Tourtier Jean-Pierre, Libert Nicolas, Clapson Patrick, Dubourdieu Stéphane, Jost Daniel, Tazarourte Karim, Astaud Cécil-Emmanuel, Debien Bruno, Auroy Yves
From the Emergency Medical Service (J.P.T., D.J., C.E.A.), Fire Brigade of Paris, 1 Place Jules Renard; Department of Intensive Care (N.L., P.C., S.D., B.D., Y.A.), Military Hospital Val-de-Grâce, Paris; Department of Intensive Care, Military Hospital Val-de-Grâce, Paris; Emergency Medical Service, Fire Brigade of Paris, 1 Place Jules Renard; Emergency Medical Service (K.T.), Melun, 11 Rue Freteau De Peny, Melun, France.
Simul Healthc. 2014 Apr;9(2):81-4. doi: 10.1097/SIH.0b013e3182a833e0.
The use of a stethoscope is essential to the delivery of continuous, supportive en route care during aeromedical evacuations.
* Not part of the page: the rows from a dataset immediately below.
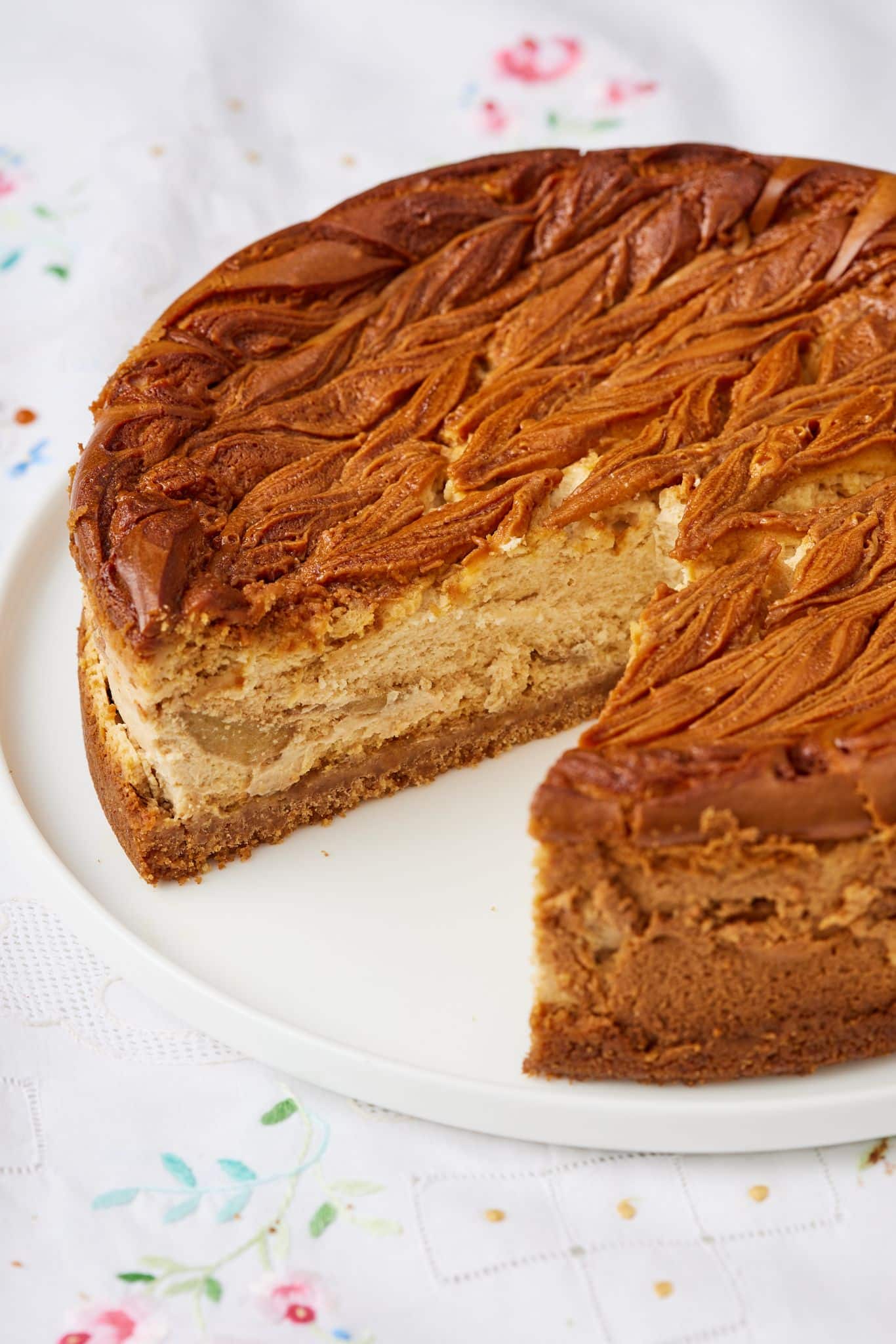 Caramel Apple Cheesecake18 Chill then slice -- a whole caramel apple cheesecake with one slice cut.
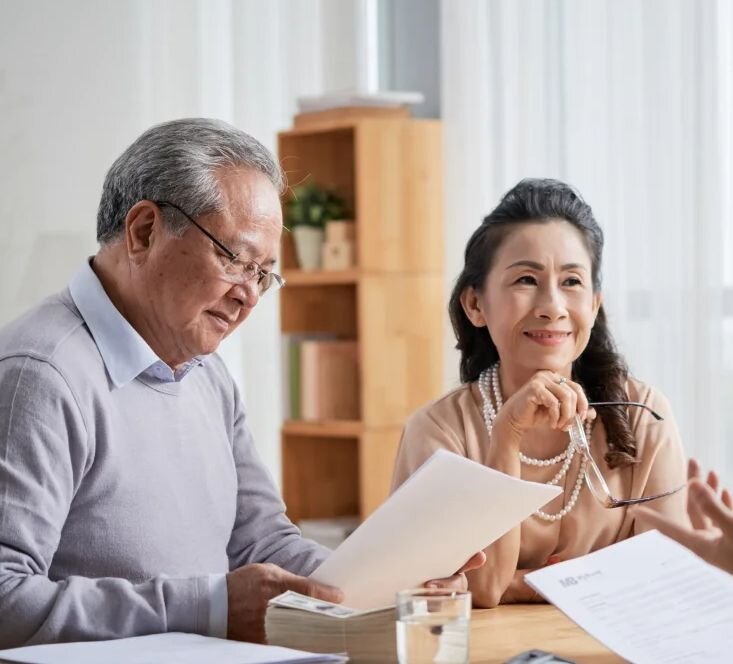 An older couple reviewing documents in an attorney's office
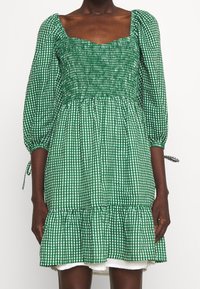 Zelené kostkované šaty se čtvercovým výstřihem, smockovaným tělem, naducanými rukávy a volánkovým lemem. Zobrazeno na modelce s tmavou pletí.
We compared the capability of 2 stethoscopes (electronic, Litmann 3000; conventional, Litmann Cardiology III) at detecting pathologic heart and lung sounds, aboard a C135, a medical transport aircraft.
Sounds were mimicked using a mannequin-based simulator SimMan. Five practitioners examined the mannequin during a fly, with a variety of abnormalities as follows: crackles, wheezing, right and left lung silence, as well as systolic, diastolic, and Austin-Flint murmur. The comparison for diagnosis assessed (correct or wrong) between using the electronic and conventional stethoscopes were performed as a McNemar test.
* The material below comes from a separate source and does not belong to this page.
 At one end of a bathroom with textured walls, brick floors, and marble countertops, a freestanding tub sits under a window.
A total of 70 evaluations were performed. For cardiac sounds, diagnosis was right in 0/15 and 4/15 auscultations, respectively, with conventional and electronic stethoscopes (McNemar test, P = 0.13). For lung sounds, right diagnosis was found with conventional stethoscope in 10/20 auscultations versus 18/20 with electronic stethoscope (P = 0.013).
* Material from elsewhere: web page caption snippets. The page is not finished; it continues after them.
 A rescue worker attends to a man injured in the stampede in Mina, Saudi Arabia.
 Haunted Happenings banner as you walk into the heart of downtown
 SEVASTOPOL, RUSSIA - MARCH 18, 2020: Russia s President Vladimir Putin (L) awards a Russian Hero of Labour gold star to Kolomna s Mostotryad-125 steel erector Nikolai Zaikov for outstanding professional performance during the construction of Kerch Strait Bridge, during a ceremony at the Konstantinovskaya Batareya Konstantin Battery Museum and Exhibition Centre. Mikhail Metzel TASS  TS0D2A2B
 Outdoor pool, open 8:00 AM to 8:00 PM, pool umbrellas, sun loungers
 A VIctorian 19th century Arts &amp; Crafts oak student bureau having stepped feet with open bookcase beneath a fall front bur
Flight practitioners involved in aeromedical evacuation on C135 plane are more able to practice lung auscultation on a mannequin with this amplified stethoscope than with the traditional one. No benefit was found for heart sounds.
在航空医疗后送过程中,使用听诊器对于提供持续的支持性途中护理至关重要。我们比较了两种听诊器(电子听诊器,Litmann 3000;传统听诊器,Litmann Cardiology III)在一架C135型医疗运输机上检测病理性心肺声音的能力。
使用基于人体模型的模拟器SimMan模拟声音。五名从业者在飞行过程中检查人体模型,存在以下多种异常情况:湿啰音、哮鸣音、左右肺无声,以及收缩期、舒张期和奥斯汀 - 弗林特杂音。使用电子听诊器和传统听诊器之间的诊断比较评估(正确或错误)采用麦克尼马尔检验。
总共进行了70次评估。对于心音,使用传统听诊器和电子听诊器听诊时,诊断正确的分别为0/15次和4/15次(麦克尼马尔检验,P = 0.13)。对于肺音,使用传统听诊器在20次听诊中有10次诊断正确,而使用电子听诊器在20次听诊中有18次诊断正确(P = 0.013)。
参与C135飞机航空医疗后送的飞行从业者使用这种放大听诊器比使用传统听诊器更能在人体模型上进行肺部听诊。在心音方面未发现优势。